BEGIN
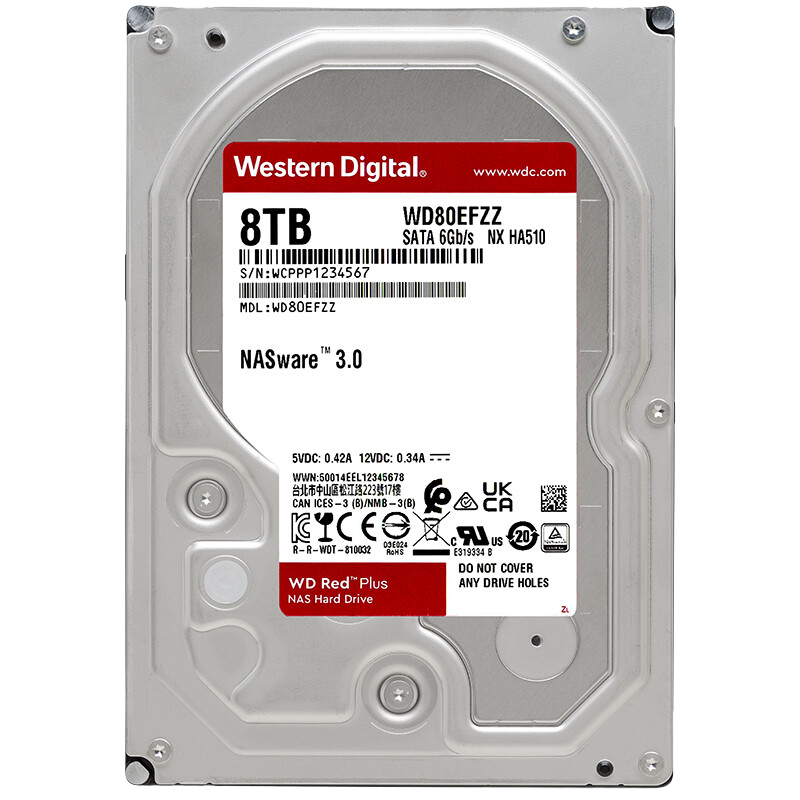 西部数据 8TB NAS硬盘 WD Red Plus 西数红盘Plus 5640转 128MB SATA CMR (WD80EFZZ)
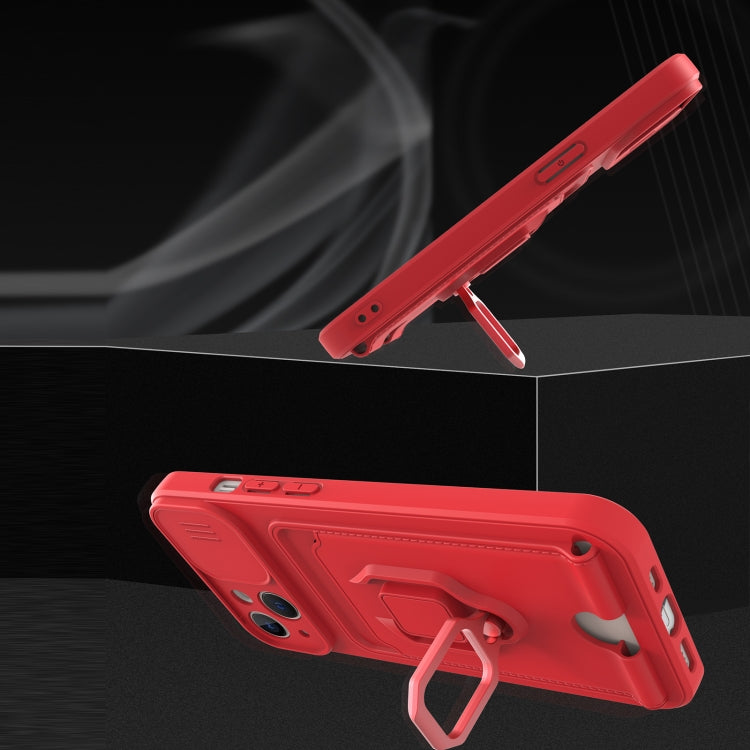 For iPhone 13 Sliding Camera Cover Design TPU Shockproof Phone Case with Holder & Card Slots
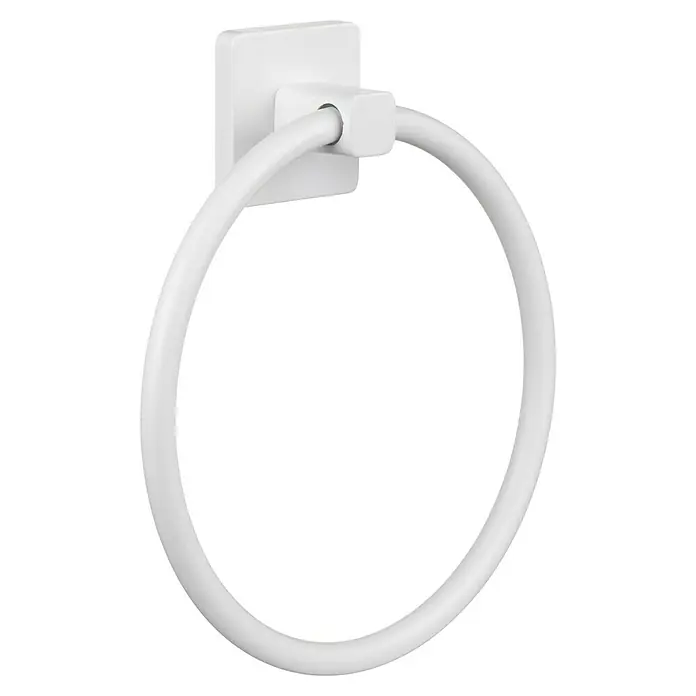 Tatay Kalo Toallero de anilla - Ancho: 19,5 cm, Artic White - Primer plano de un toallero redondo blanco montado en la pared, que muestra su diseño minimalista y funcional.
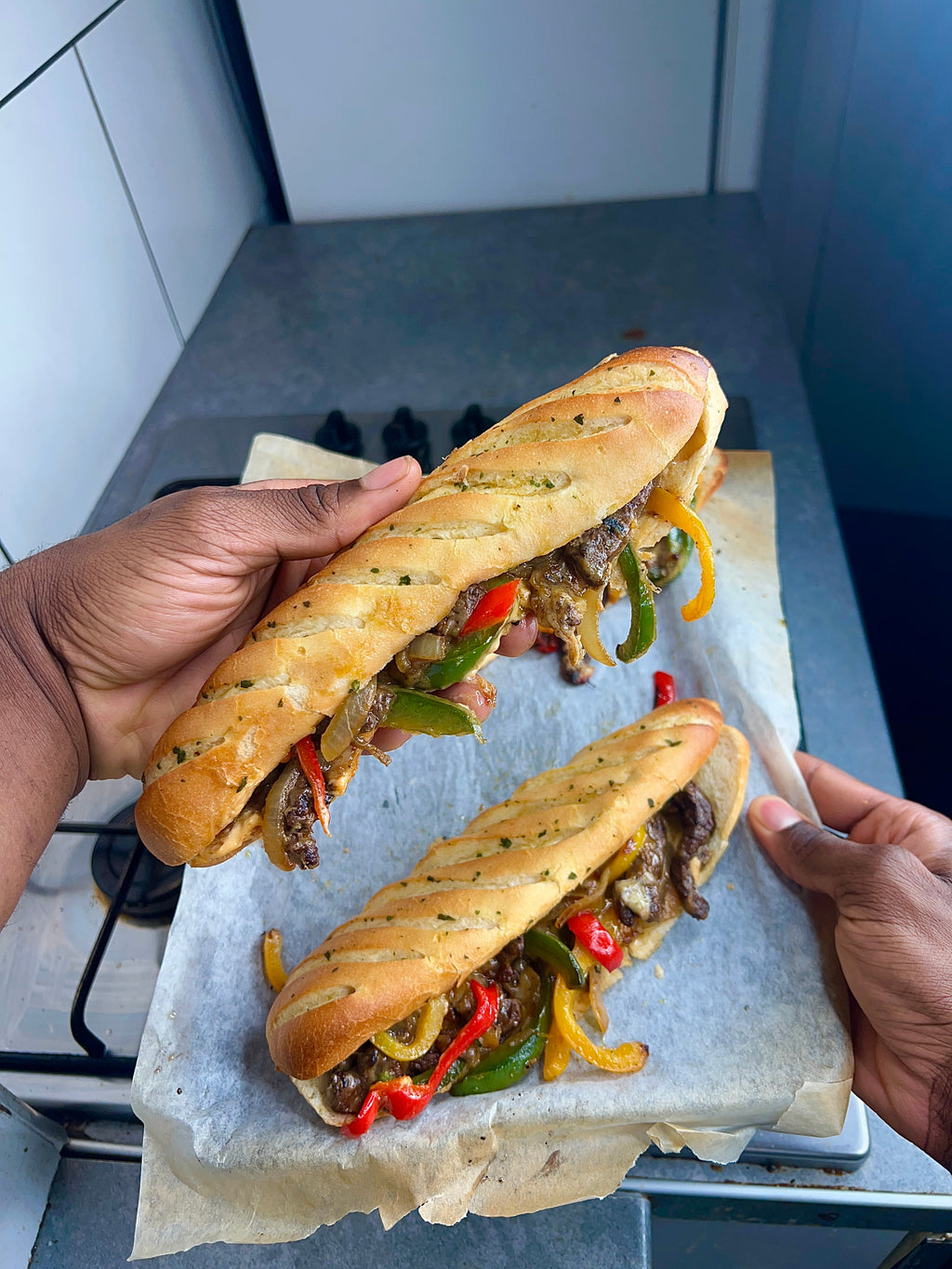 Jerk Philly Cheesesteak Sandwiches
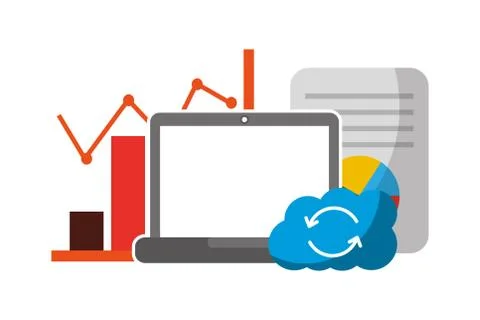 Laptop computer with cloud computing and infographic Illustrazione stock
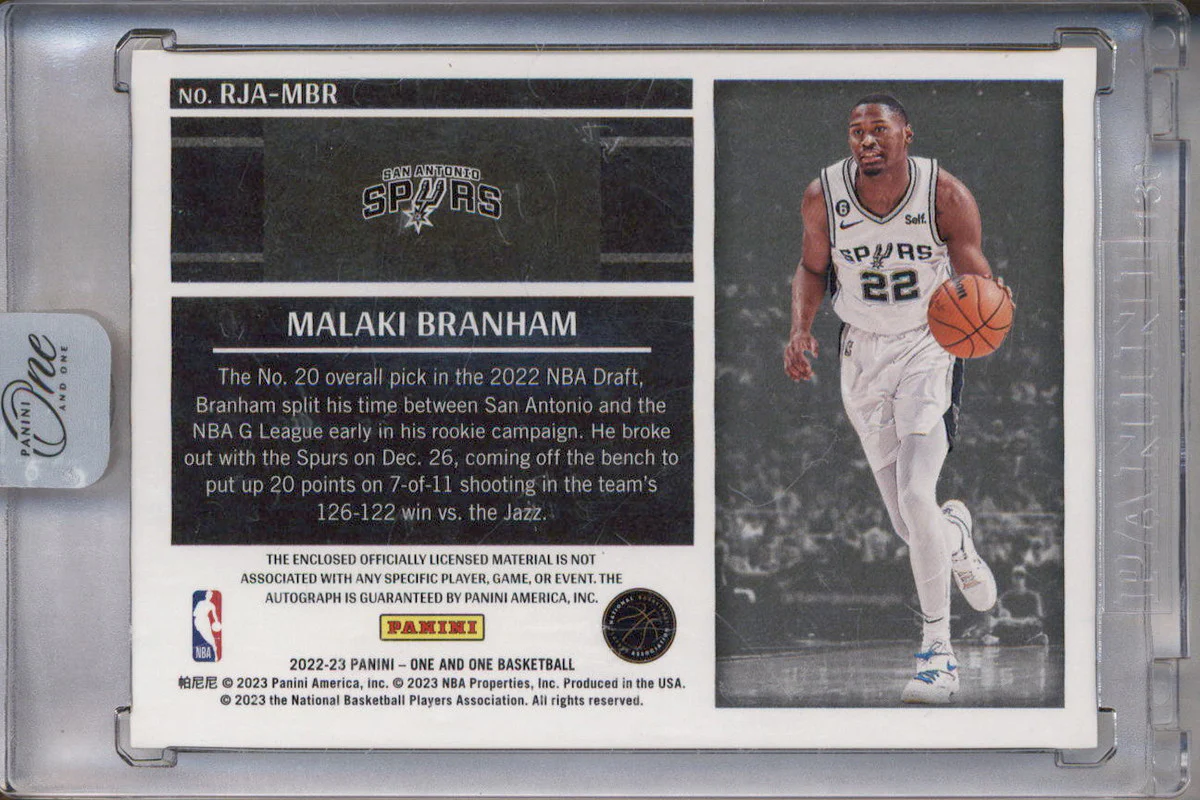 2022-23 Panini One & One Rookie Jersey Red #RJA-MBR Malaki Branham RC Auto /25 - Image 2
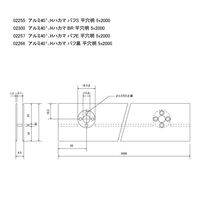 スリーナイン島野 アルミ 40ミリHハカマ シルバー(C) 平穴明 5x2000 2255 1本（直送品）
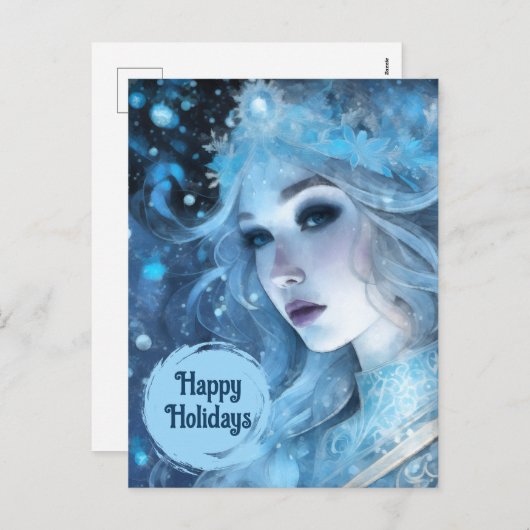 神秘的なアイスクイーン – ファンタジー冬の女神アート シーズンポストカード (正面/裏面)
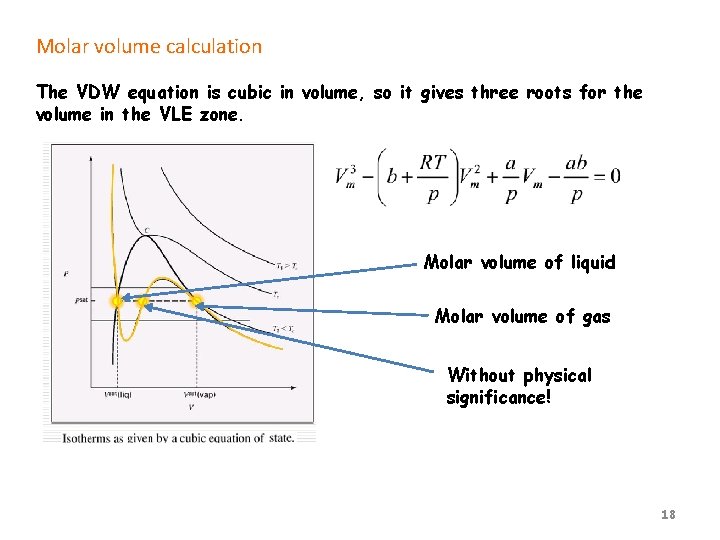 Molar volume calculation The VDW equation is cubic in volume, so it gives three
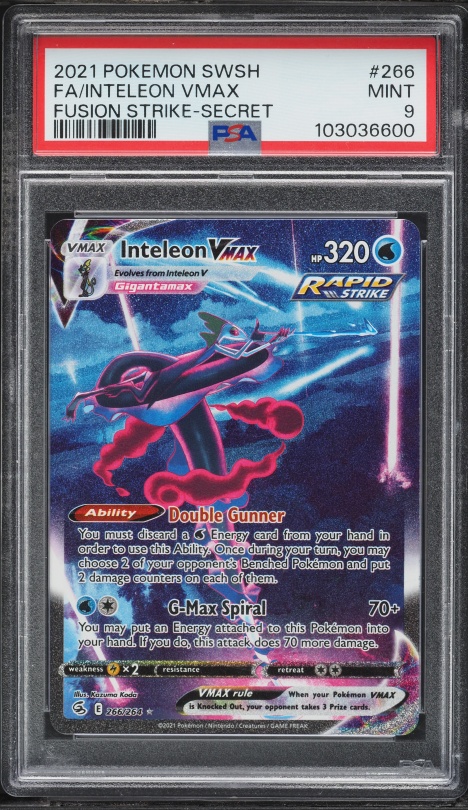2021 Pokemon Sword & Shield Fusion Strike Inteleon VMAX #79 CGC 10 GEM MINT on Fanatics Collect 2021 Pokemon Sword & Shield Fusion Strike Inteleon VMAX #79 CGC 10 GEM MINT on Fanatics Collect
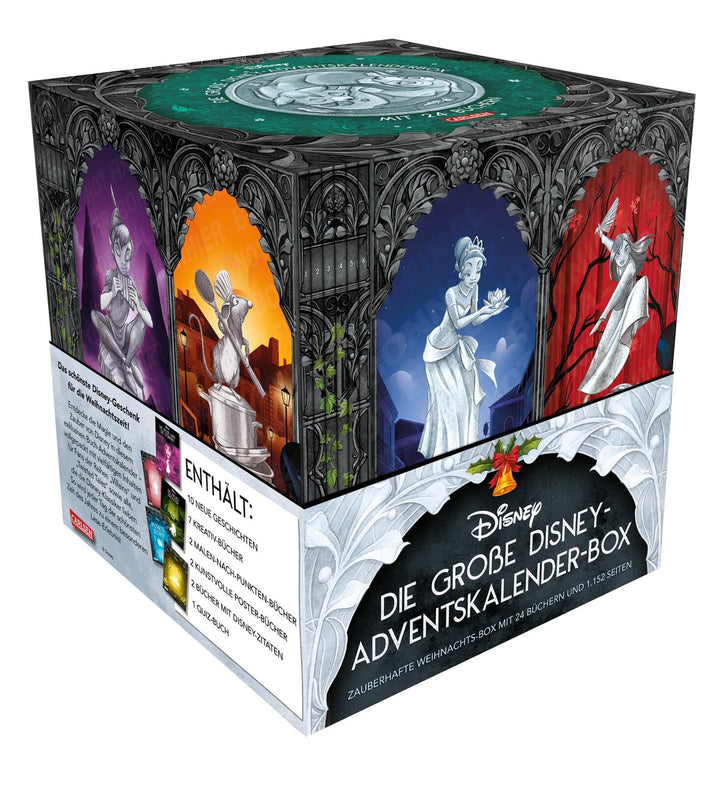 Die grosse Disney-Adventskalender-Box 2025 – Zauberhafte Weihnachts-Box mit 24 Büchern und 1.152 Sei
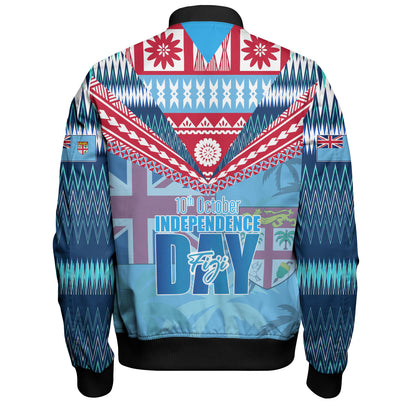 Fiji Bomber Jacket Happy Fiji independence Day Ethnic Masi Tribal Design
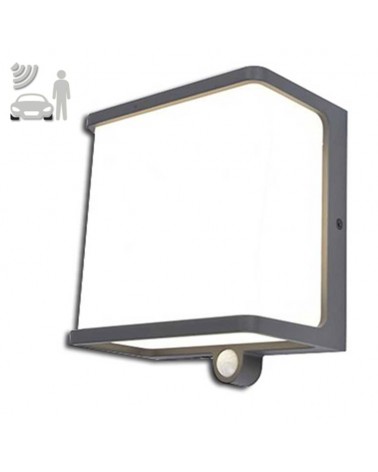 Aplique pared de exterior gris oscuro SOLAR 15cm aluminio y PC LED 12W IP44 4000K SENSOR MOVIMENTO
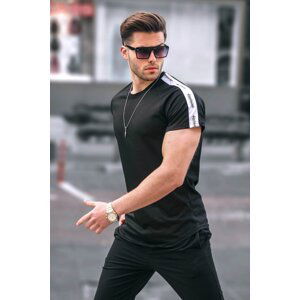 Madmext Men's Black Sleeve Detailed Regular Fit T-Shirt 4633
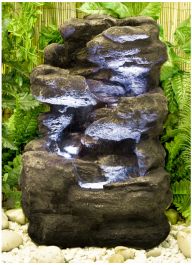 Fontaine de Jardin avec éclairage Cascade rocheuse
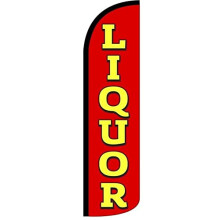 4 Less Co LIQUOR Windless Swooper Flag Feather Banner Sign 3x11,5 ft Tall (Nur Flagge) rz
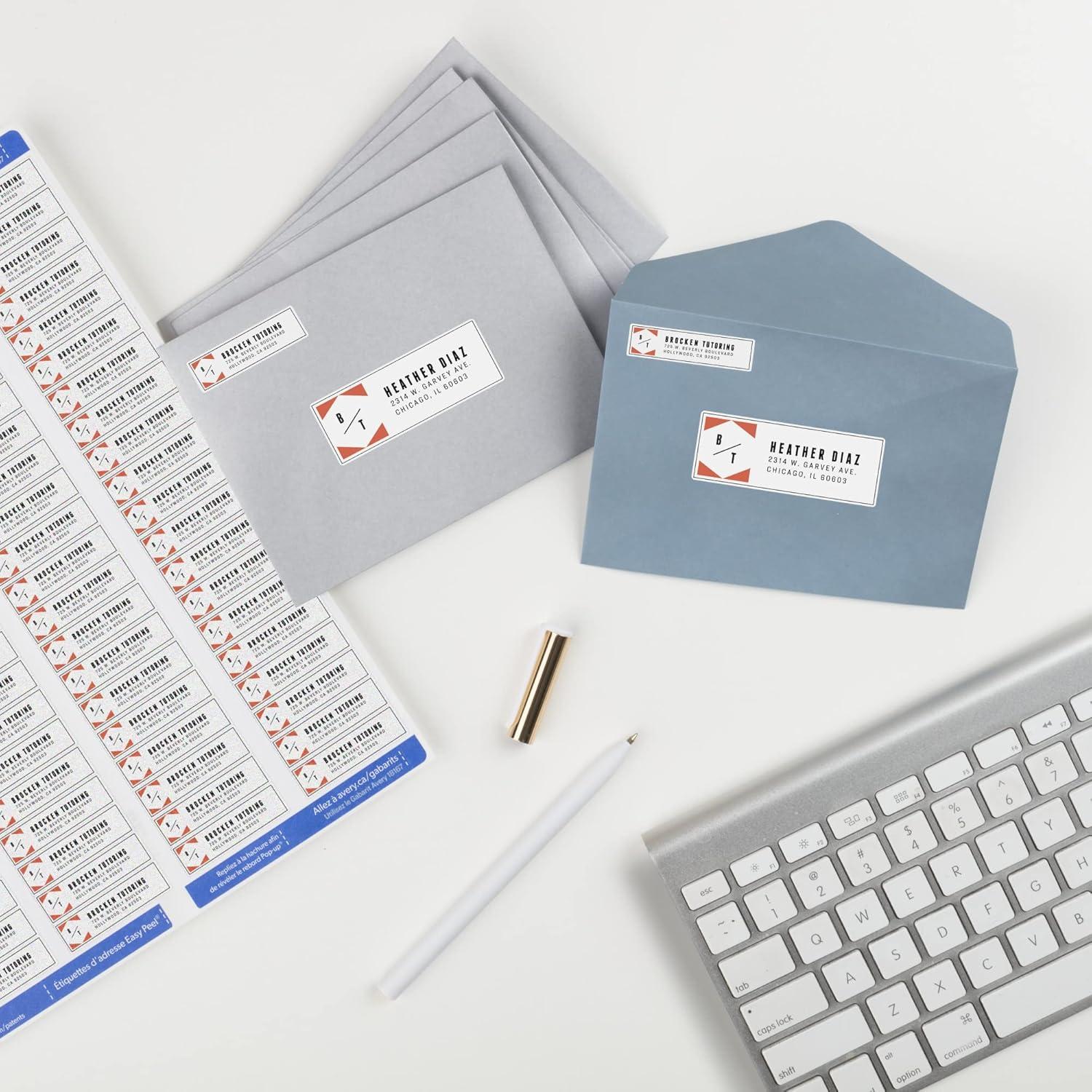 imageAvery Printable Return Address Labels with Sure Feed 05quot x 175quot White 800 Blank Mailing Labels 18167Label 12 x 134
END
## [ASSIGNMENT]
Retype the records verbatim, but not their images.

## [OUTPUT FOR THIS TASK]
 西部数据 8TB NAS硬盘 WD Red Plus 西数红盘Plus 5640转 128MB SATA CMR (WD80EFZZ)
 For iPhone 13 Sliding Camera Cover Design TPU Shockproof Phone Case with Holder & Card Slots
 Tatay Kalo Toallero de anilla - Ancho: 19,5 cm, Artic White - Primer plano de un toallero redondo blanco montado en la pared, que muestra su diseño minimalista y funcional.
 Jerk Philly Cheesesteak Sandwiches
 Laptop computer with cloud computing and infographic Illustrazione stock
 2022-23 Panini One & One Rookie Jersey Red #RJA-MBR Malaki Branham RC Auto /25 - Image 2
 スリーナイン島野 アルミ 40ミリHハカマ シルバー(C) 平穴明 5x2000 2255 1本（直送品）
 神秘的なアイスクイーン – ファンタジー冬の女神アート シーズンポストカード (正面/裏面)
 Molar volume calculation The VDW equation is cubic in volume, so it gives three
2021 Pokemon Sword & Shield Fusion Strike Inteleon VMAX #79 CGC 10 GEM MINT on Fanatics Collect 2021 Pokemon Sword & Shield Fusion Strike Inteleon VMAX #79 CGC 10 GEM MINT on Fanatics Collect
 Die grosse Disney-Adventskalender-Box 2025 – Zauberhafte Weihnachts-Box mit 24 Büchern und 1.152 Sei
 Fiji Bomber Jacket Happy Fiji independence Day Ethnic Masi Tribal Design
 Aplique pared de exterior gris oscuro SOLAR 15cm aluminio y PC LED 12W IP44 4000K SENSOR MOVIMENTO
 Madmext Men's Black Sleeve Detailed Regular Fit T-Shirt 4633
 Fontaine de Jardin avec éclairage Cascade rocheuse
 4 Less Co LIQUOR Windless Swooper Flag Feather Banner Sign 3x11,5 ft Tall (Nur Flagge) rz
 imageAvery Printable Return Address Labels with Sure Feed 05quot x 175quot White 800 Blank Mailing Labels 18167Label 12 x 134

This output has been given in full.